Gosto da ideia de que retratos conferem uma importância aos seus temas. E, fotografando pessoas que não se encaixam no mainstream ou que geralmente não são consideradas representações culturalmente relevantes de corpos, gêneros ou sexualidade, estou sugerindo que elas são importantes. Então, nesse sentido, eu diria que meu trabalho não é sobre não conformidade de gênero, mas um desejo de contribuir com uma cultura visual que atribui valor para pessoas com quem me identifico e me importo, porque elas são extremamente belas e profundamente valiosas para mim. Alguns dos meus projetos abordam ideias sobre percepção de gênero, como Alone Time e Switch, mas Queer Portraits é mais sobre meus relacionamentos e as pessoas com as quais me sinto conectado, algumas trans e algumas não.

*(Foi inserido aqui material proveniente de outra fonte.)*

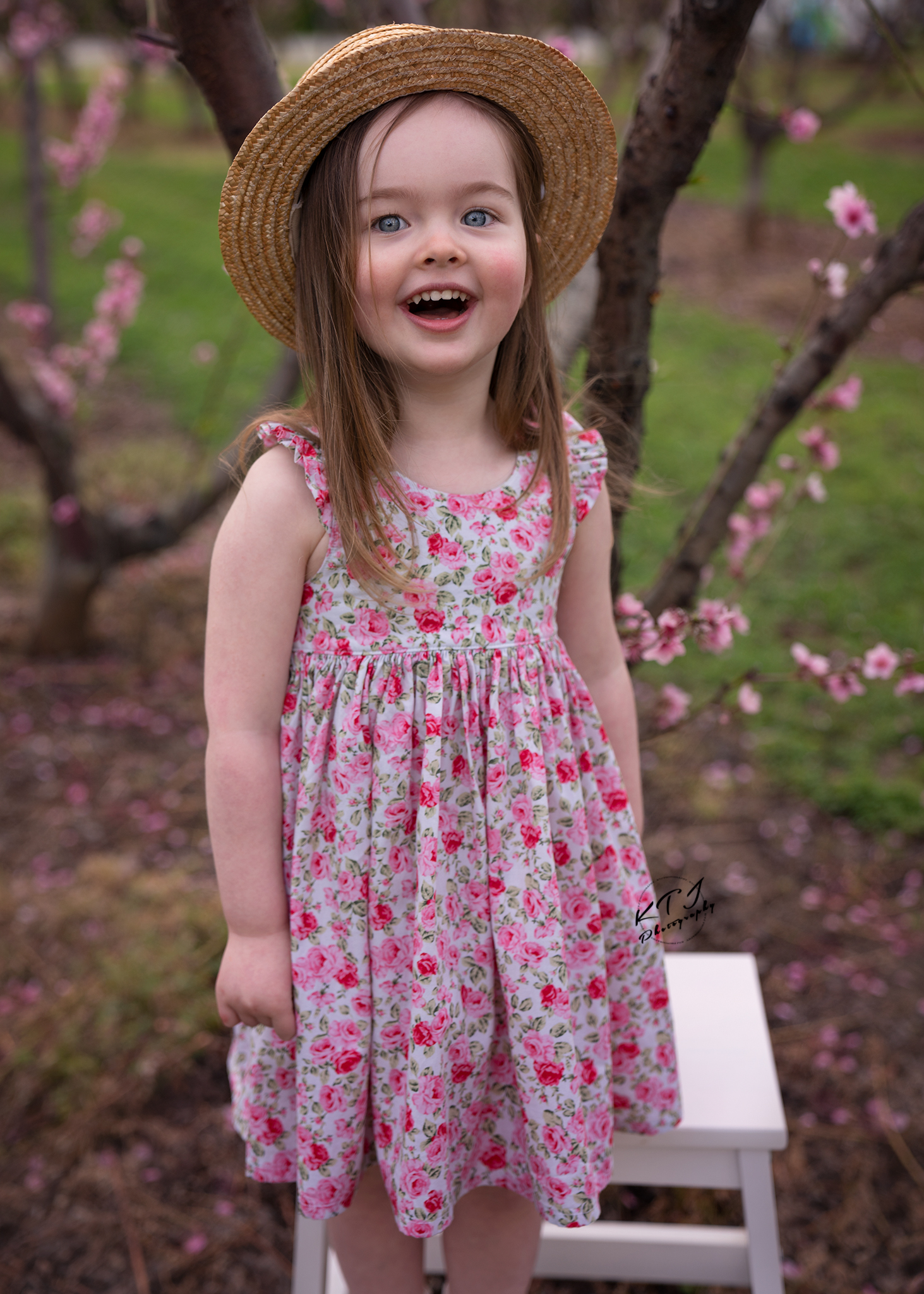 Blossom Photo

Às vezes, sinto um toque de Diane Arbus olhando para suas fotos, mas sei que ela era muito polêmica e que alguns a veem como profundamente exploradora. Quão importante é sua própria identidade de gênero em termos de haver um laço único com as pessoas que você fotografa?

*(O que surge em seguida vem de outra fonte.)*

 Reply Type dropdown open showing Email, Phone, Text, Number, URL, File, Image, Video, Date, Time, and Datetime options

Posicionar a mim mesmo dentro do meu trabalho é crítico para mim e uma grande distinção entre o que faço e o que muitos artistas fotografando pessoas queer e trans fizeram no passado. Eu não diria que minha identidade de gênero, especificamente, é o que me conecta com as pessoas que fotografo, já que muitos temas são cisgênero. Acho que todo mundo fotografando pessoas queer e trans, hoje, é comparado a artistas como Diane Arbus e Nan Goldin – que considero fotógrafas incríveis, mas com cujos processos e experiências eu não me identifico.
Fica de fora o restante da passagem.